“Take Care to Give Care” is the theme for 2016’s National Caregivers Month, celebrating home caregivers during the month of November. As the Caregiver Action Network explains, “Only by taking care of yourself can you be strong enough to take care of your loved one.”
Taking care of themselves enables home caregivers to better provide care to their patients. For that reason, it’s crucial that home caregivers get sufficient rest, eat properly, and pay attention to their physical and mental health needs.
Praise for Home Caregivers
In his proclamation for National Family Caregivers Month 2016, President Barack Obama states, “During National Family Caregivers Month, we reaffirm our support for those who give of themselves to be there for their family, friends, and neighbors in challenging times…The women and men who put their loved ones before themselves show incredible generosity every day, and we must continue to support them in every task they selflessly carry out…This month, and every month, let us lift up all those who work to tirelessly advance the health and wellness of those they love.”

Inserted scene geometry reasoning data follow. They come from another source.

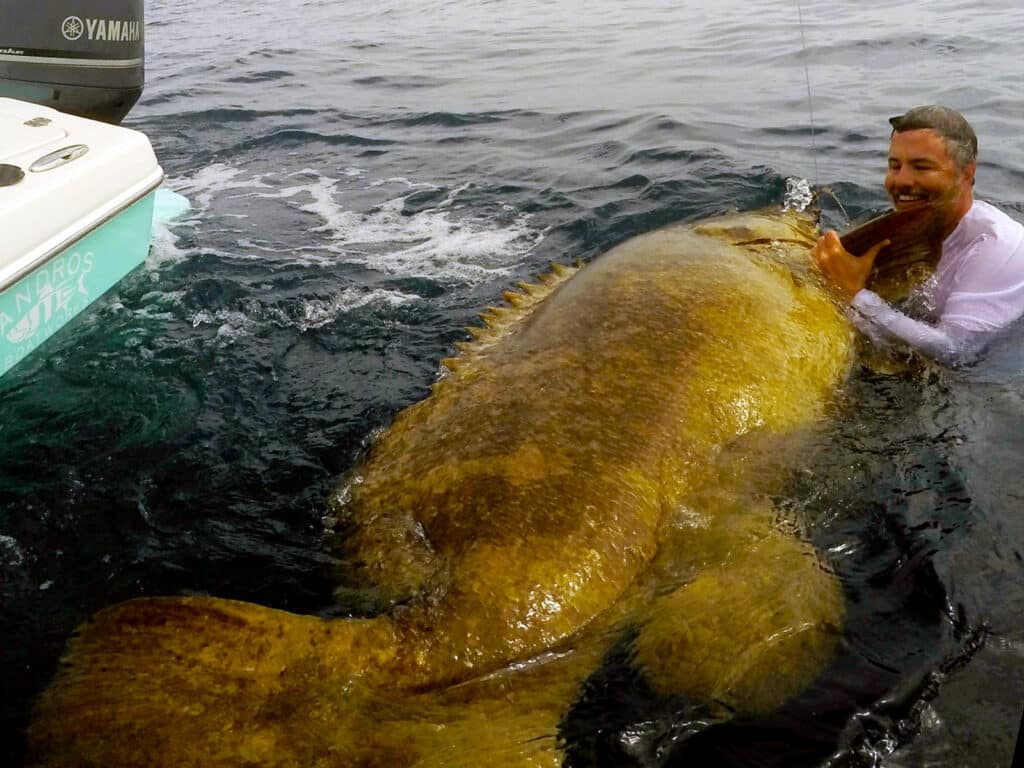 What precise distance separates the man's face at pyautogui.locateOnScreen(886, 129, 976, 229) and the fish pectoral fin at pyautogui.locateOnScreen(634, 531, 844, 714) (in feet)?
7.30

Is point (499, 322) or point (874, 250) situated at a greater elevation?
Result: point (874, 250)

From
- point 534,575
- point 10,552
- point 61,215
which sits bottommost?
point 10,552

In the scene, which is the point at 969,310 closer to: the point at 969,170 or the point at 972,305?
the point at 972,305

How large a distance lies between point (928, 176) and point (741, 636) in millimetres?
2583

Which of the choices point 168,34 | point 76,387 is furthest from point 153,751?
point 168,34

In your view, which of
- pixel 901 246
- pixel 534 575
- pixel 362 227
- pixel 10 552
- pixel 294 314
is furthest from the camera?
pixel 362 227

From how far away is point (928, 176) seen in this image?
4.11 meters

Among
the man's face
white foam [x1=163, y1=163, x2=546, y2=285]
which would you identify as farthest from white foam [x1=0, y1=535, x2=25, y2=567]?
the man's face

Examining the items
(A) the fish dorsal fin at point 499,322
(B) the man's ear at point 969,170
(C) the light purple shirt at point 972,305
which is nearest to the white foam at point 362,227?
(A) the fish dorsal fin at point 499,322

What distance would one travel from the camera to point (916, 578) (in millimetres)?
2910

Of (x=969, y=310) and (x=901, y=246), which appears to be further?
(x=901, y=246)

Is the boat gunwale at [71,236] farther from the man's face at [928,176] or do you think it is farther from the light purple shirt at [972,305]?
the man's face at [928,176]

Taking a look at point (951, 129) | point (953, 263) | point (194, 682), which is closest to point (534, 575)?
point (194, 682)

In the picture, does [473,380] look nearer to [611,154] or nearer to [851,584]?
[851,584] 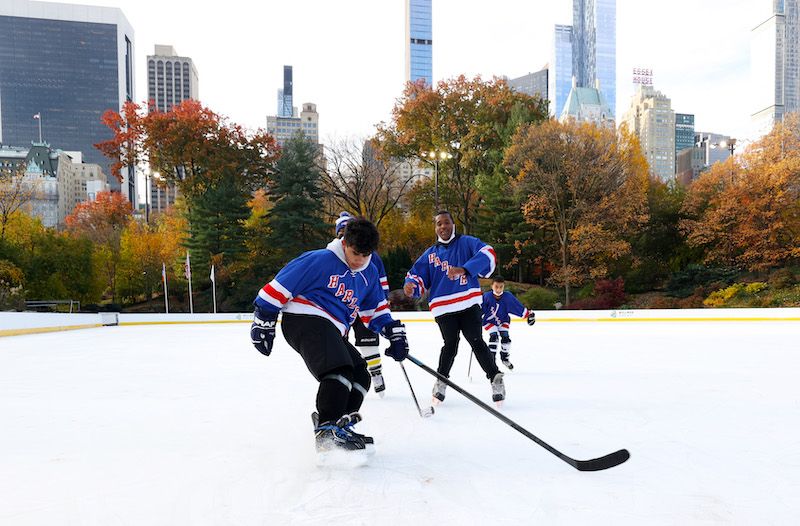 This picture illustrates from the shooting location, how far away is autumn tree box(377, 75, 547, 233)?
21.6 metres

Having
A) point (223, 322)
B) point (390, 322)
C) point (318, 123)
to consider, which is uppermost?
point (318, 123)

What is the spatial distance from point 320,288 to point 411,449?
2.98 ft

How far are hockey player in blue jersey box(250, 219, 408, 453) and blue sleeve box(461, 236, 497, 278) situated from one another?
3.54 feet

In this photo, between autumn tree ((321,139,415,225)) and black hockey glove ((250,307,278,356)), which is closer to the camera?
black hockey glove ((250,307,278,356))

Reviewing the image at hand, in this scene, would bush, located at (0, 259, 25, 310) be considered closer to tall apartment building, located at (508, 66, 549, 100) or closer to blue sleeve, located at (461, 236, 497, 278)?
blue sleeve, located at (461, 236, 497, 278)

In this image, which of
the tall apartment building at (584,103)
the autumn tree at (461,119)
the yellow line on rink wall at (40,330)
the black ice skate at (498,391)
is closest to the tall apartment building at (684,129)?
the tall apartment building at (584,103)

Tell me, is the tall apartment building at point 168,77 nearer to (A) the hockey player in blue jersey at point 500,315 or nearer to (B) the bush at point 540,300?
(B) the bush at point 540,300

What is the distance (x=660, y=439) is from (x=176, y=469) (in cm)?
232

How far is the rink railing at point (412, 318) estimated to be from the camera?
32.2 ft

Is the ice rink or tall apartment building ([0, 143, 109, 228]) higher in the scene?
tall apartment building ([0, 143, 109, 228])

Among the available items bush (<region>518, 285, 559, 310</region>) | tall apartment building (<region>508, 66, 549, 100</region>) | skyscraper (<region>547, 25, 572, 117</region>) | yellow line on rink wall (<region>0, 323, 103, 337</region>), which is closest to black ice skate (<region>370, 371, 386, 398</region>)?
yellow line on rink wall (<region>0, 323, 103, 337</region>)

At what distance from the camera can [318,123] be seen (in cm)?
10231

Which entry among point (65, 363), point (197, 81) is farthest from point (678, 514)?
point (197, 81)

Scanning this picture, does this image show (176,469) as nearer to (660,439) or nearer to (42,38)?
(660,439) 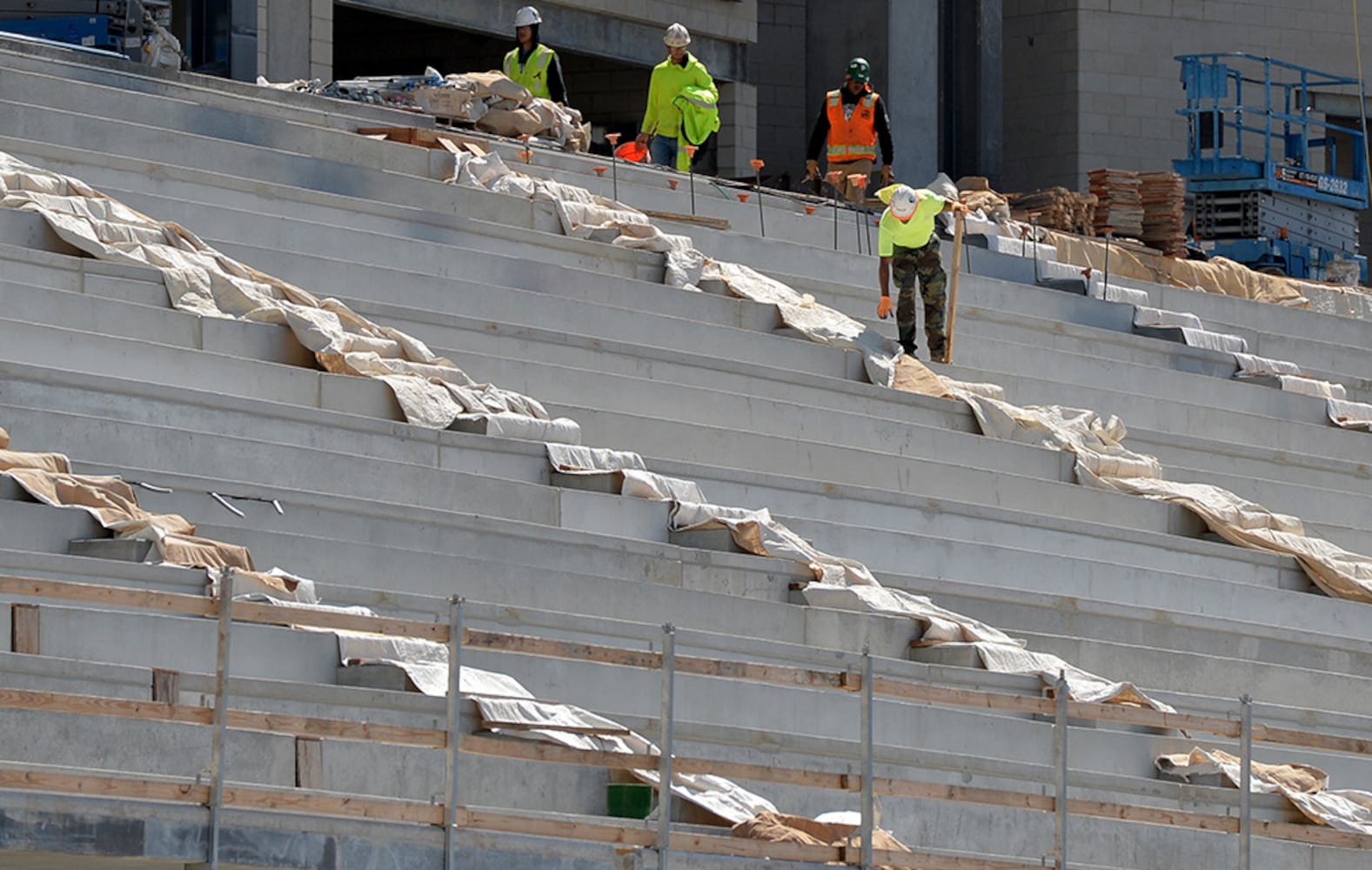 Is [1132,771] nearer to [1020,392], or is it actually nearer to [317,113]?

The President’s words acknowledge the importance that home caregivers play in the lives of tens of millions of individuals. It’s not only the patients themselves, who need the attention provided by caregivers, that benefit from caregivers’ selfless acts. So do other members of the family, as well as friends of the patient. And society as a whole is enriched by the contributions that caregivers make on behalf of loved ones.
It can be difficult for home caregivers to find the time to take proper care of themselves. Their lives are typically a whirlwind, with many demands placed on them. Their responsibilities can create stress that can impact their health, as can the fact that finding the time to eat healthily can be a challenge.
That’s why one of the best ways to acknowledge the splendid work being done by home caregivers is to give them the gift of time. During National Family Caregivers Month (and throughout the year), make a difference by offering to help a caregiver by running errands, going grocery shopping, or watching their patient so they can enjoy some much-needed free time.